A Natureza encarregar-se-á de eliminar esta praga destruidora que é o Homem.

E novamente tudo começará, e teremos aprendido a lição.

Tenho uma grande esperança que os filhos (que terei) olhem para este planeta como o seu berço e não a escarradeira que dela fazemos actualmente.


----------



## joseoliveira (13 Jul 2010 às 00:47)

O cenário bucólico, selvagem e diga-se puro, em breve será como uma miragem e ficará apenas na memória de quem lá vive ou tenha visitado a região. 

Confesso que apesar de ter tempo suficiente para ver os 5 vídeos, não tive paciência para assistir a tudo o que foi dito; estava sempre presente a imagem de uma morte anunciada de uma beleza paisagística, de uma interacção e de uma vivência bastante íntima entre o habitante local e o que o rio até ao momento lhe tem proporcionado.

É a marca de um desenvolvimento de qualidade muito duvidosa, antes diria um desenvolvimento às 3 pancadas como tantos e demasiados que têm surgido diante dos nossos olhos e que muitas vezes mais não podemos fazer se não assistirmos impávidos e serenos…, sim, que alternativas realmente válidas poderão existir para que a nossa palavra também tenha um lugar importante nos centros de decisão?


----------



## Z13 (14 Jul 2010 às 00:40)

É um documentário muito interessante (obrigado Vince pela partilha) mas altamente tendencioso...

Depois de o observarmos ficamos com a ideia de que a barragem só tem desvantagens, e que até a forma de produzir energia é desvantajosa...
Além de que dá a ideia que a verdadeira mais valia para o país era deixarem o Sabor em paz, ou seja, ao abandono... isso é que era selvagem!

Sem querer ser advogado do diabo, parece-me nitidamente uma reportagem encomendada pelos ambientalistas, essa espécie superior que já ultrapassou em importância e destaque a _"brigada das vassourinhas"_ (os arqueólogos) que eram à uns anos os principais entraves ao desenvolvimento...


----------



## AnDré (14 Jul 2010 às 02:47)

Z13 disse:


> Depois de o observarmos ficamos com a ideia de que a barragem só tem desvantagens, e que até a forma de produzir energia é desvantajosa...
> Além de que dá a ideia que a verdadeira mais valia para o país era deixarem o Sabor em paz, ou seja, ao abandono... isso é que era selvagem!:rolleyes



Dado o tipo de estratégia energética adoptada pelo nosso país, a construção de barragens reversíveis são urgentes.
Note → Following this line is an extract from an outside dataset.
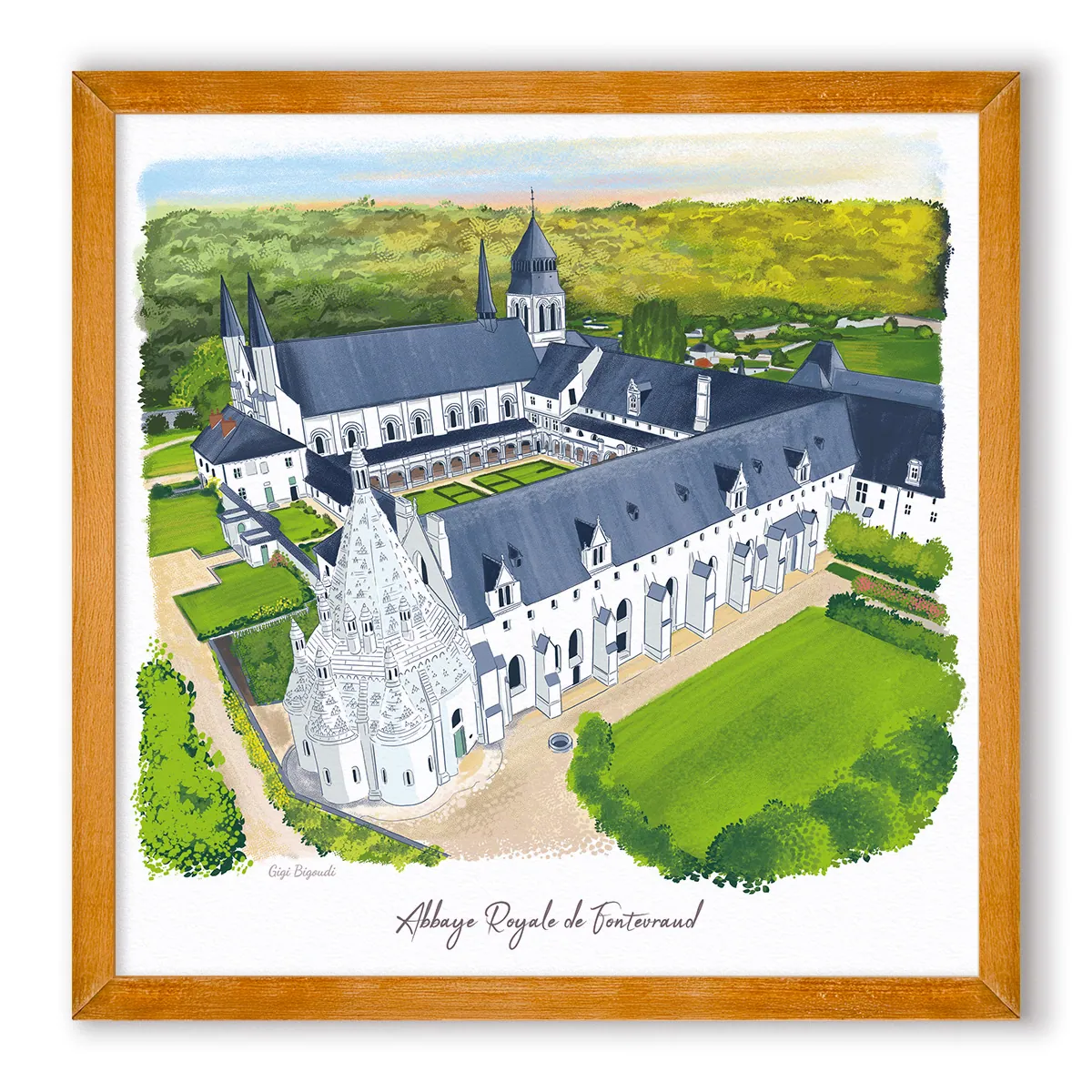 Carte d'art Gigi Bigoudi Abbaye de Fontevraud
E quanto ao consumo de energia, este ano, não tem parado de subir.
Nos primeiros 12 dias do mês, consumiu-se +7,9% de energia face ao mesmo período do ano passado.

Nos primeiros 6 meses, o consumo aumentou 5,4%, face aos primeiros 6 meses de 2009.


----------



## Zoelae (14 Jul 2010 às 04:54)

O Holocausto hídrico está em marcha, os rios transmontanos estão todos em perigo, depois deste plano de barragens há-de vir outro para acabar com o que resta de rios naturais em Trás-Os-Montes. Trás-Os-Montes tem sido saqueado e vandalizado ao longo do último século e é a região mais pobre da União Europeia. Vivem à nossa custa. São só mentiras atrás de mentiras, os políticos corruptos e falsos só fazem promessas em vão. A EDP manipula a opinião pública portuguesa com mentiras de que as barragens são importantes para a preservação de biodiversidade para criar uma boa imagem e uma corrente de movimento de apoio e ainda os está a explorar como nunca se viu, como lucros anuais superiores a 1000 milhões de euros.
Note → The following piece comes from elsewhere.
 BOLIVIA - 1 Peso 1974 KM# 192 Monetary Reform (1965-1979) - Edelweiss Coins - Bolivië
O que é o desenvolvimento? O desenvolvimento não se mede só em Euros, o desenvolvimento corresponde ao grau de bem estar de uma população, mas os parâmetros que o permitem avaliar actualmente estão ultrapassados, pois pouco abrangentes quanto ao conceito de bem estar . Para que é que me serve andar uma vida inteira a trabalhar e ficar rico, ter um óptimo carro, um apartamento de luxo, uma casa de férias, 2 telemóveis topo de gama, posso comprar o que quero, ter o que quero, se isso não me dá mais felicidade que a que tem um pobre desses que vive numa aldeia das margens do rio Sabor!?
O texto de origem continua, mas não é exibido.